» Task description
Your response should contain only the lines running from the top of the data below through the line with "To give you", both included. Pictures must be omitted.

Data extracted from a collection
────────────────────
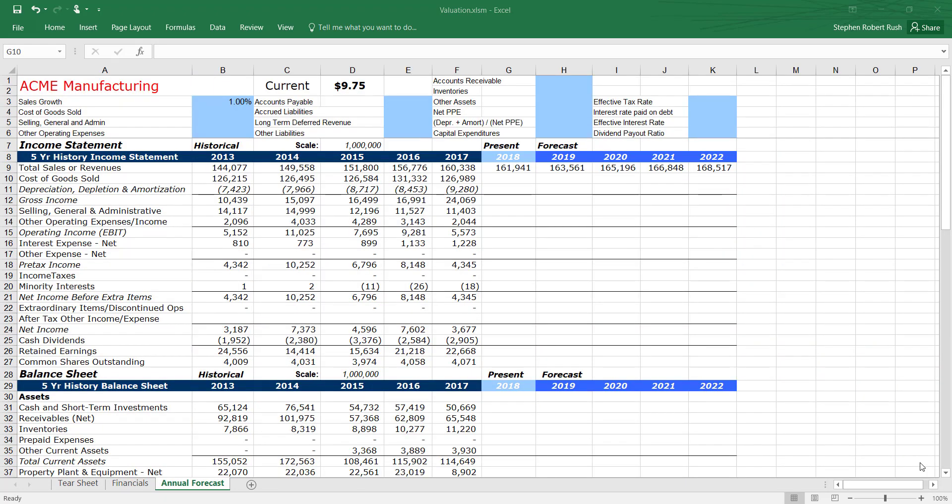You can also get company guidance by reading through the earnings call transcripts in recent quarters. Finally, you can forecast yourself using long-term growth rates and news articles about industry trends.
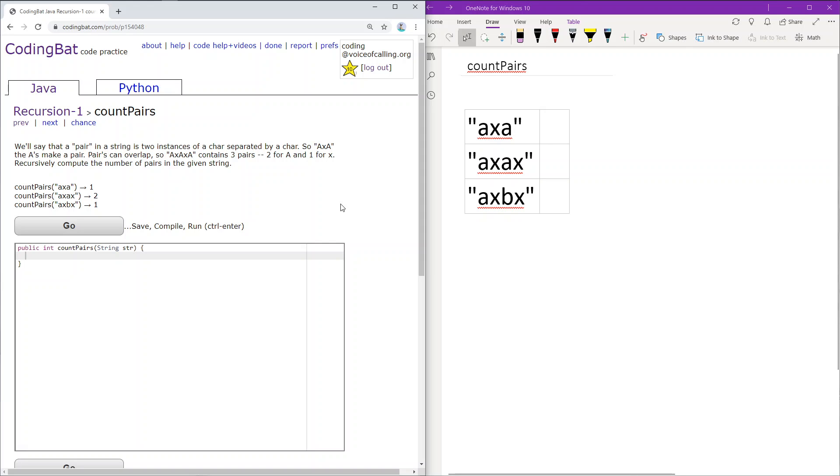Recursion 1: count pairs. We'll say that a pair in a string is two instances of a character separated by a character. So AXA is a pair because the two A's are separated by X.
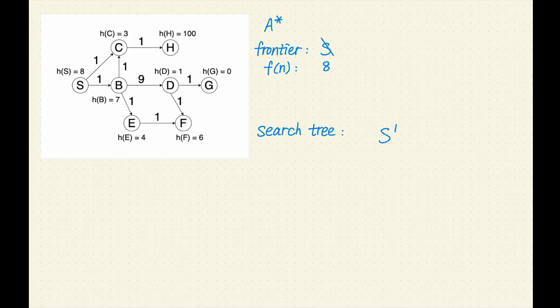To give you a calculation example: for SB, the cost is 1 and the heuristic value is 7, so the F value is 8.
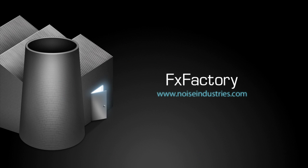FX Factory offers a huge selection of great plug-ins. And if you don't have them yet, I suggest you go try them out at noiseindustries.com.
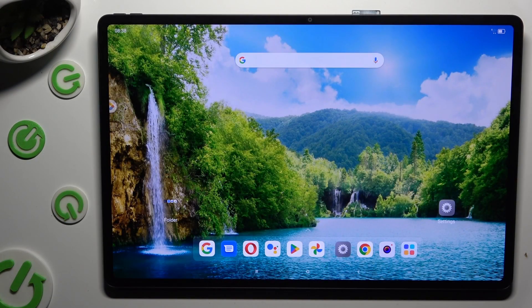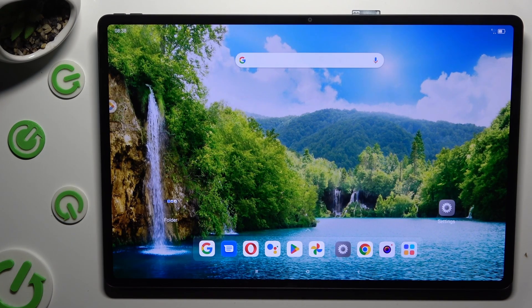Hi, in front of me is NovoTap Extreme and today I would like to show you how you can change the theme of this device.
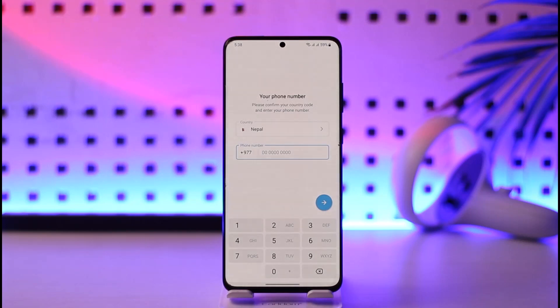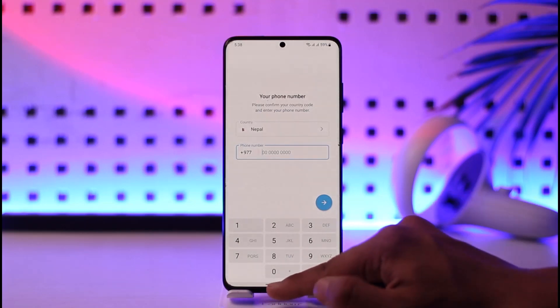To fix it: first of all, if using Telegram is really that important to you, you can try to log in with an alternative phone number. Otherwise, this issue can be fixed in many ways.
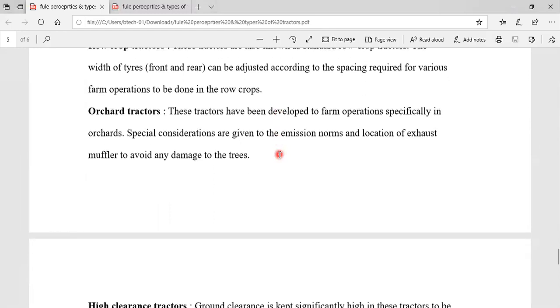Next one is orchard tractors. These tractors are designed for farm operations specially in orchards. Special considerations are given to emission norms and the location of the exhaust muffler to avoid any damage to the trees.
────────────────────
» Output for this exercise
You can also get company guidance by reading through the earnings call transcripts in recent quarters. Finally, you can forecast yourself using long-term growth rates and news articles about industry trends.
Recursion 1: count pairs. We'll say that a pair in a string is two instances of a character separated by a character. So AXA is a pair because the two A's are separated by X.
To give you a calculation example: for SB, the cost is 1 and the heuristic value is 7, so the F value is 8.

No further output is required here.